**RECORDED DATA**:
:::

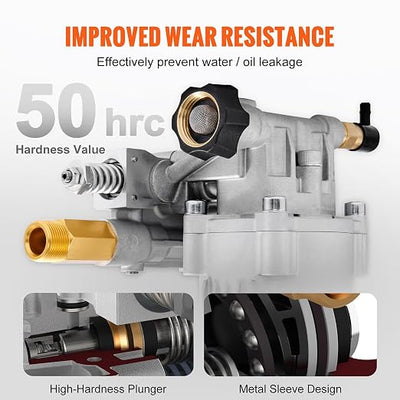 VEVOR Pressure Washer Pump, 3/4" Shaft Horizontal, 2500-3400PSI, 2.5 GPM, Replacement Power Washer Pumps, Parts Washer Pump, Compatible with Honda, Simpson, RYOBI, Briggs & Stratton, Subaru, Craftsman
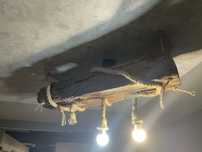 Żyrandol loft deska lina jutowa lampa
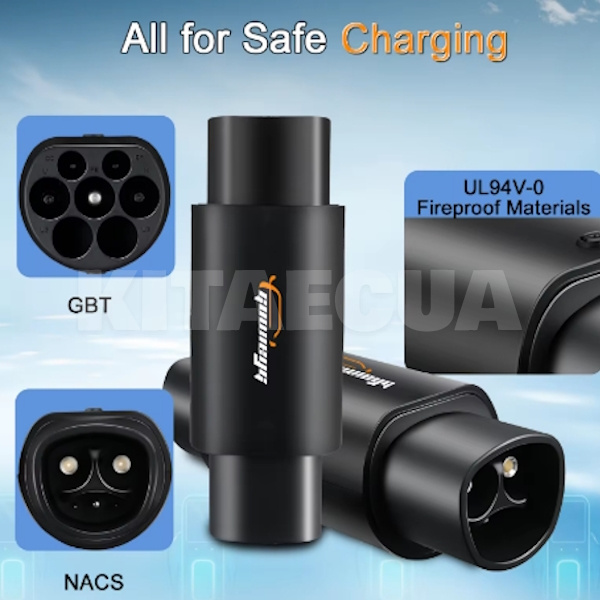 Перехідник Guwieyg 7.4 кВт 32А 1-фаза Type Tesla (станція) - GB/T AC (китайське авто) GUWIEYG (P-TSGBT) - 3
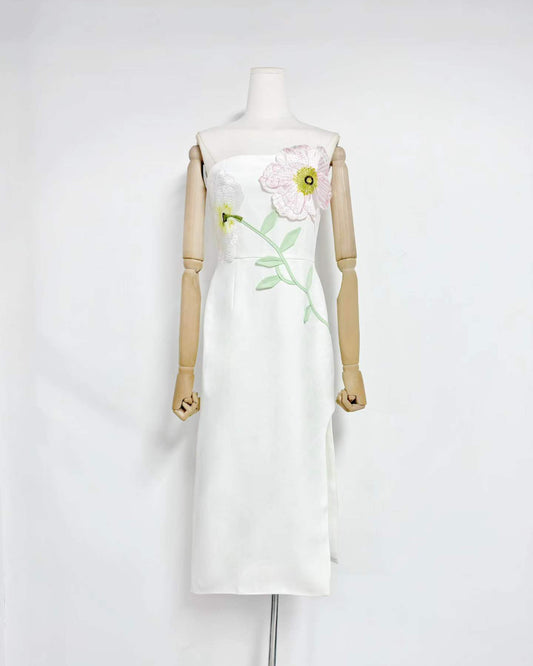 White 3D Floral Applique Strapless Midi Dress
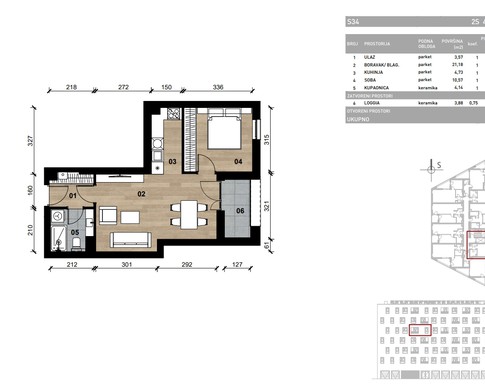 Slika Moderan dvosoban stan od 47,10 kvadrata u novogradnji u Bolničkoj ulici u Vrapču, Zagreb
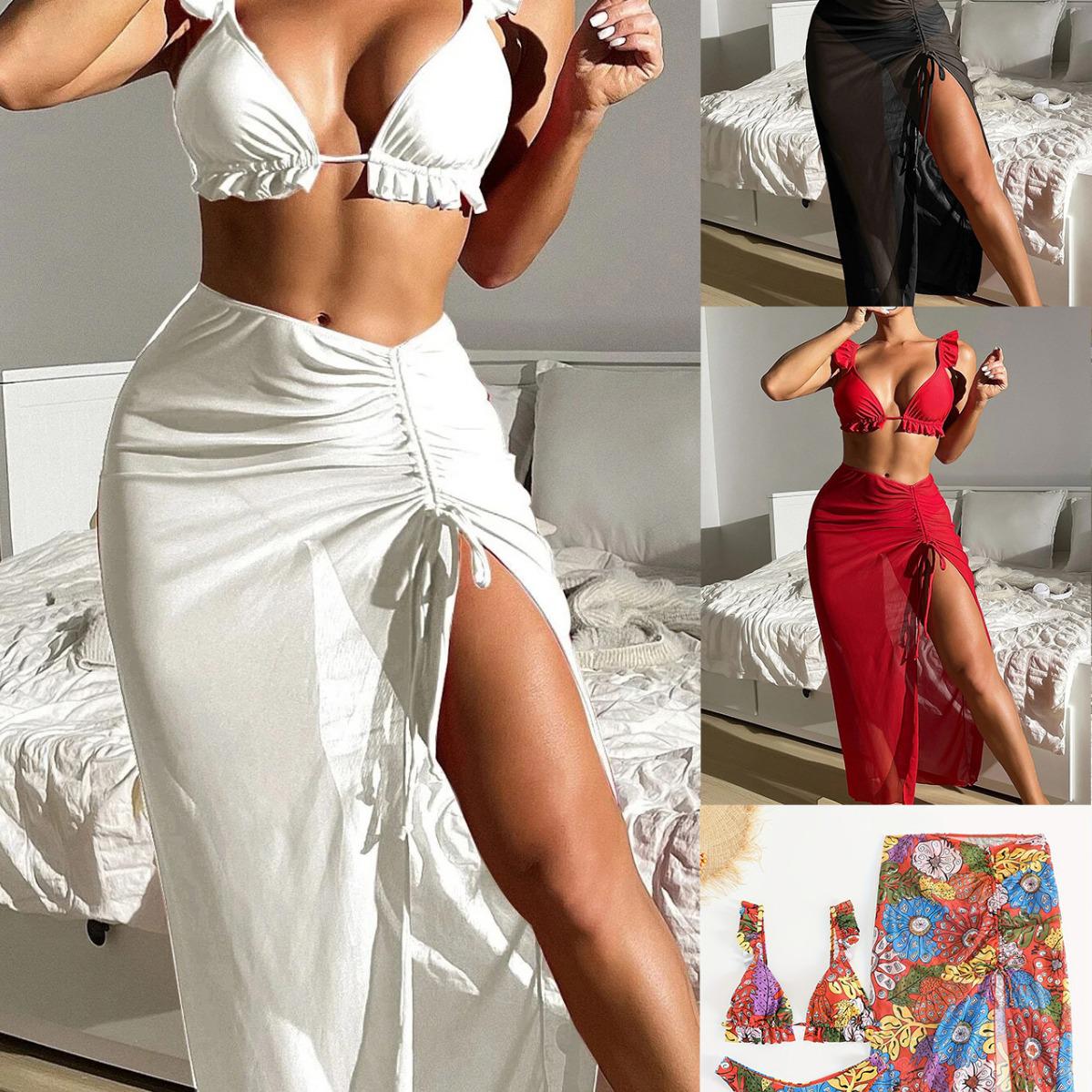 European & American Ruffle Bikini Three-Piece Set with Sunscreen Beach Pants L квітковий
European & American Ruffle Bikini Three-Piece Set with Sunscreen Beach Pants L квітковий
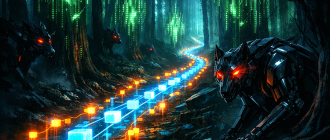 Mechanical wolves lurking in a digital forest, representing MEV bots explained and crypto slippage.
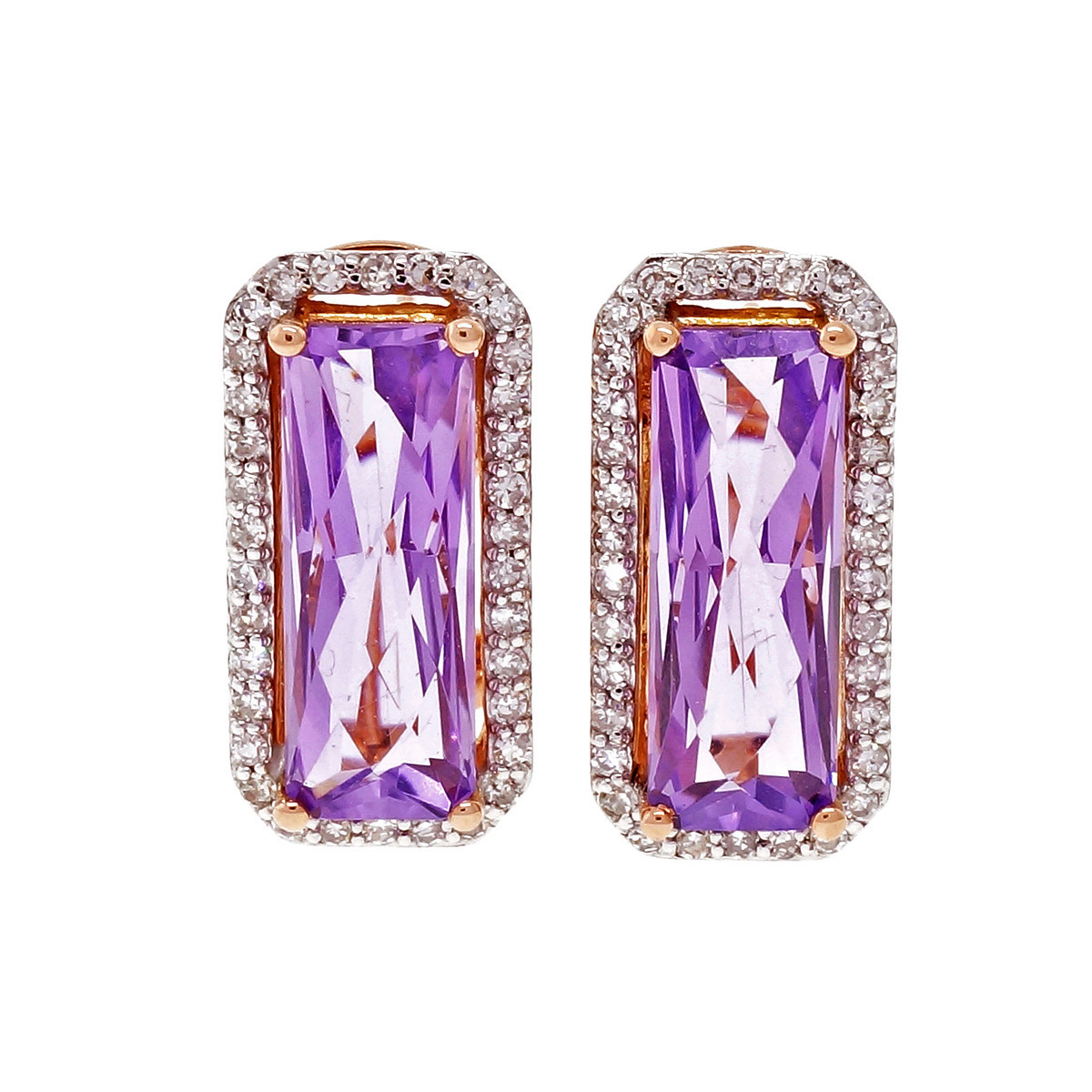14K Rose Gold Amethyst and Diamond Halo Earrings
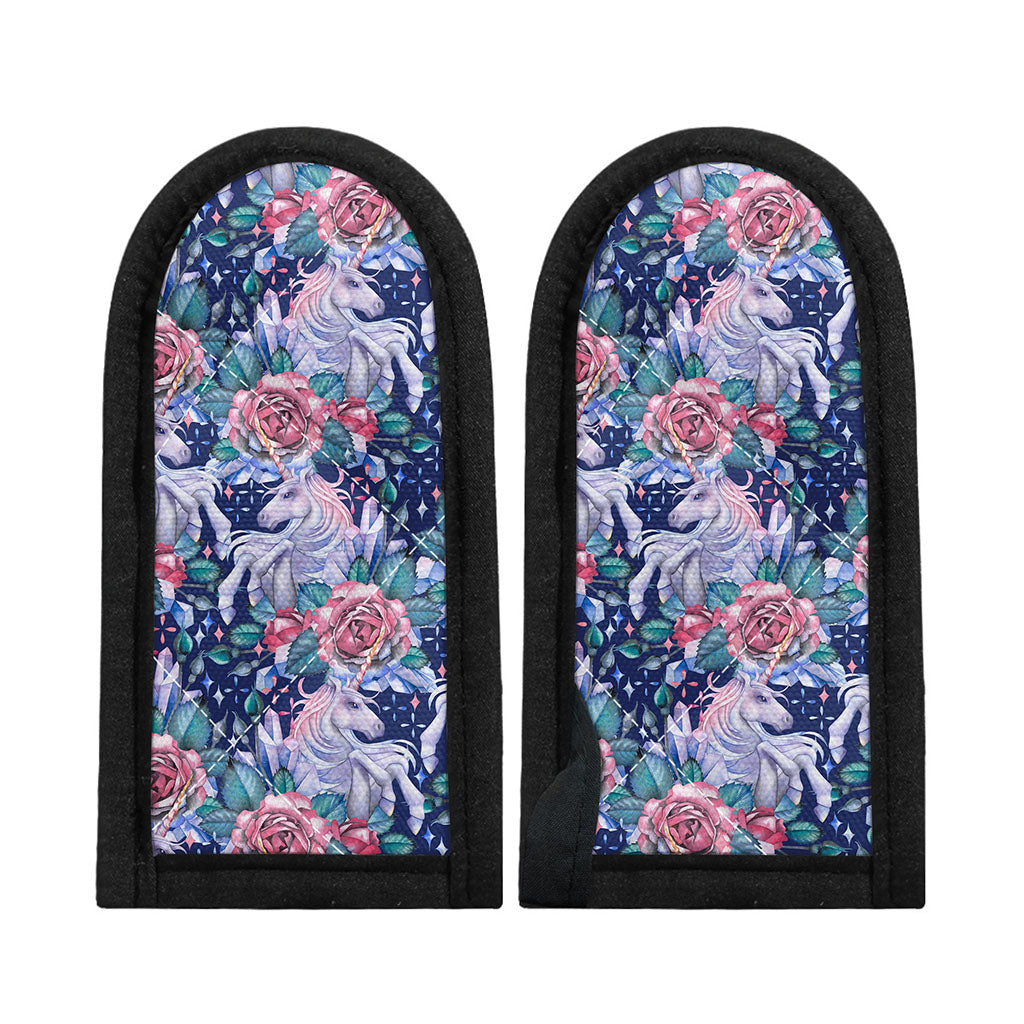 Blue Fairy Rose Unicorn Pattern Print Skillet Handle Cover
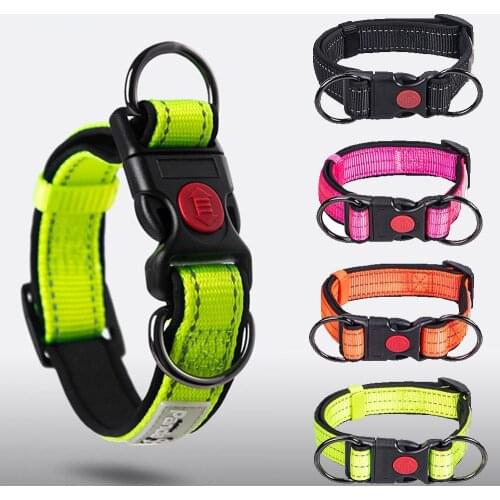 Dog Collar Soft Padded Reflective Safety Pet Collars with Locking Buckle Heavy Duty Adjustable Dog Collars for Medium Large Dogs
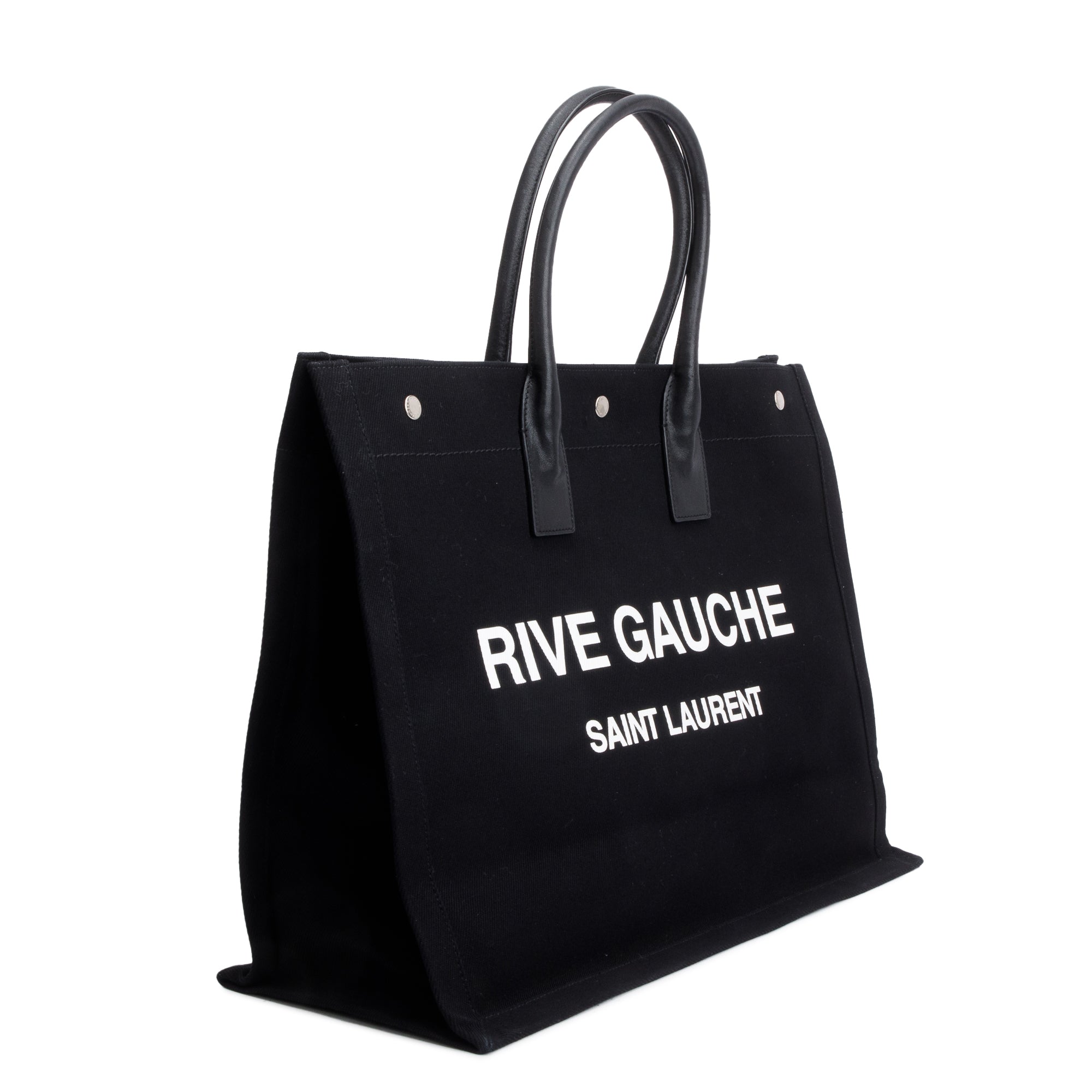 Saint Laurent 2021 Black Large Rive Gauche Canvas Tote – OLIVER'S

:::

**ACTION ITEM**:
What is needed is an exact copy of every entry, minus the images.

**ANSWER AREA**:
 VEVOR Pressure Washer Pump, 3/4" Shaft Horizontal, 2500-3400PSI, 2.5 GPM, Replacement Power Washer Pumps, Parts Washer Pump, Compatible with Honda, Simpson, RYOBI, Briggs & Stratton, Subaru, Craftsman
 Żyrandol loft deska lina jutowa lampa
 Перехідник Guwieyg 7.4 кВт 32А 1-фаза Type Tesla (станція) - GB/T AC (китайське авто) GUWIEYG (P-TSGBT) - 3
 White 3D Floral Applique Strapless Midi Dress
 Slika Moderan dvosoban stan od 47,10 kvadrata u novogradnji u Bolničkoj ulici u Vrapču, Zagreb
 European & American Ruffle Bikini Three-Piece Set with Sunscreen Beach Pants L квітковий
European & American Ruffle Bikini Three-Piece Set with Sunscreen Beach Pants L квітковий
 Mechanical wolves lurking in a digital forest, representing MEV bots explained and crypto slippage.
14K Rose Gold Amethyst and Diamond Halo Earrings
 Blue Fairy Rose Unicorn Pattern Print Skillet Handle Cover
 Dog Collar Soft Padded Reflective Safety Pet Collars with Locking Buckle Heavy Duty Adjustable Dog Collars for Medium Large Dogs
 Saint Laurent 2021 Black Large Rive Gauche Canvas Tote – OLIVER'S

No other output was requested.